▸ Data supplied:
((
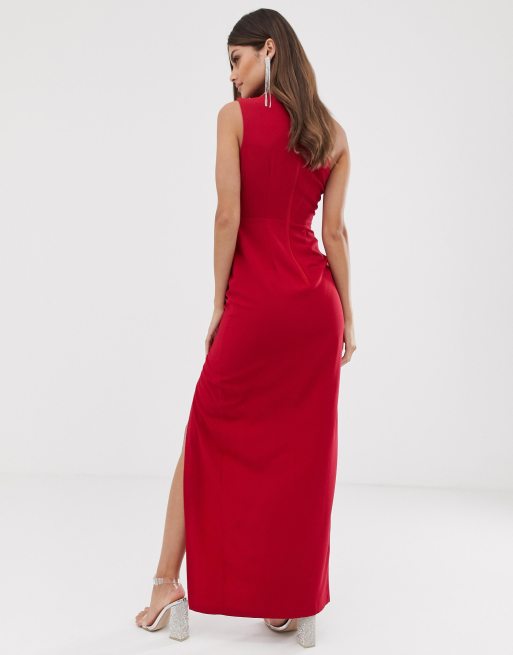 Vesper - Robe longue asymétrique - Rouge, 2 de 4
))
((
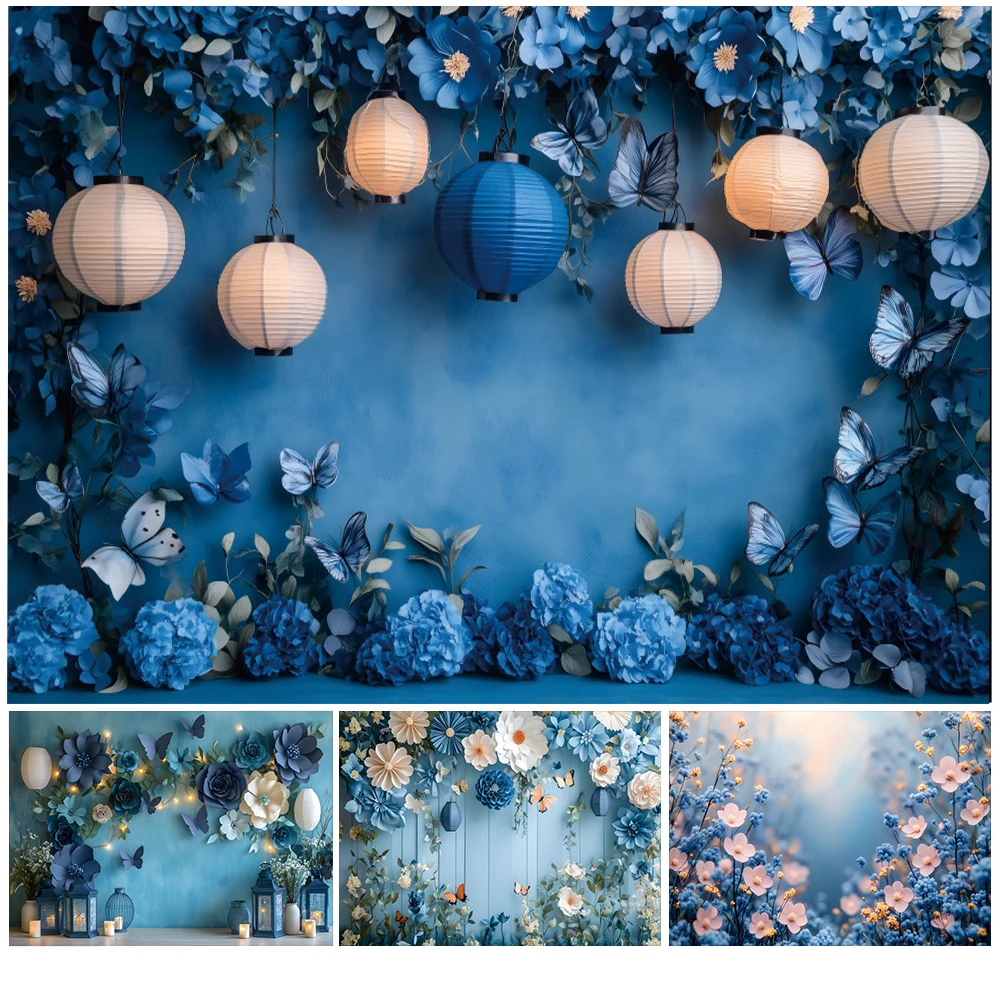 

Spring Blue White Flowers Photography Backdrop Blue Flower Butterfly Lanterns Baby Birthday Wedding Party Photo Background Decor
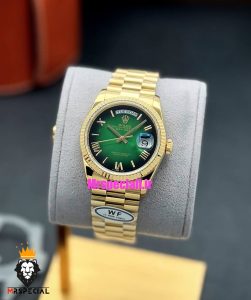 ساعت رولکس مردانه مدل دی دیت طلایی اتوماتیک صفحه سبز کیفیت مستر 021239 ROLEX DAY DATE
))
((
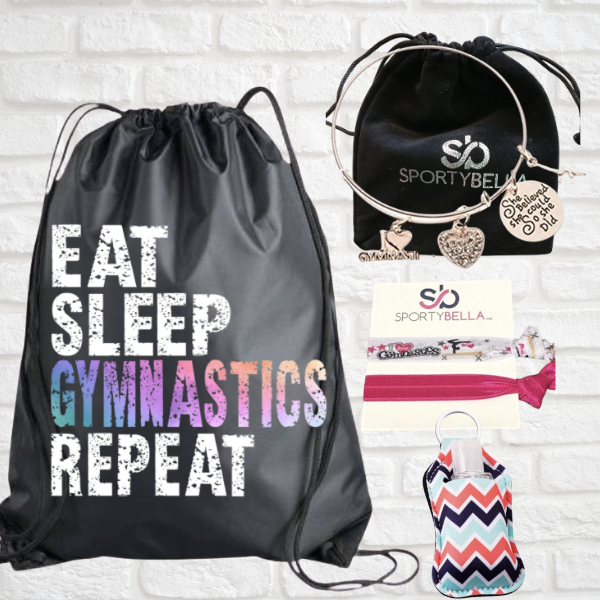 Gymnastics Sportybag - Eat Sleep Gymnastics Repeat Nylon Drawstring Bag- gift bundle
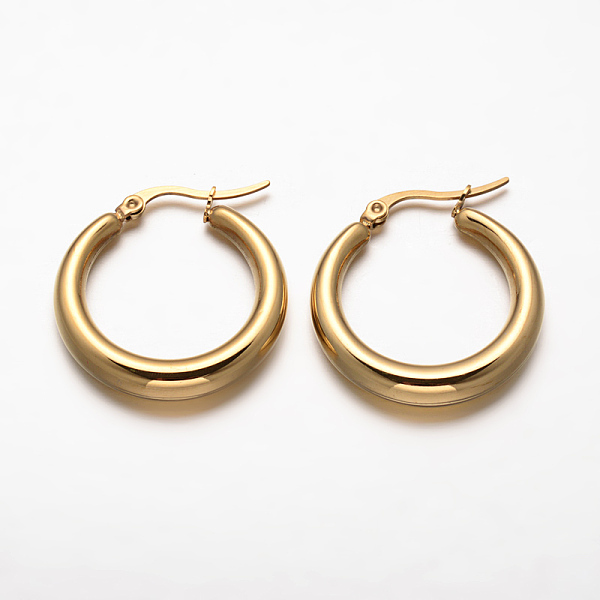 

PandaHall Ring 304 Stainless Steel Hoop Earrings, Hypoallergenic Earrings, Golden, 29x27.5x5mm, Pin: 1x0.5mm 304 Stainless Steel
))
▸ The problem:
What you write must match the listing exactly, from the line with "Gymnastics Sportybag - Eat" up to and including the line with "PandaHall Ring 304". Pictures stay out.

▸ Completed exercise:
 Gymnastics Sportybag - Eat Sleep Gymnastics Repeat Nylon Drawstring Bag- gift bundle

PandaHall Ring 304 Stainless Steel Hoop Earrings, Hypoallergenic Earrings, Golden, 29x27.5x5mm, Pin: 1x0.5mm 304 Stainless Steel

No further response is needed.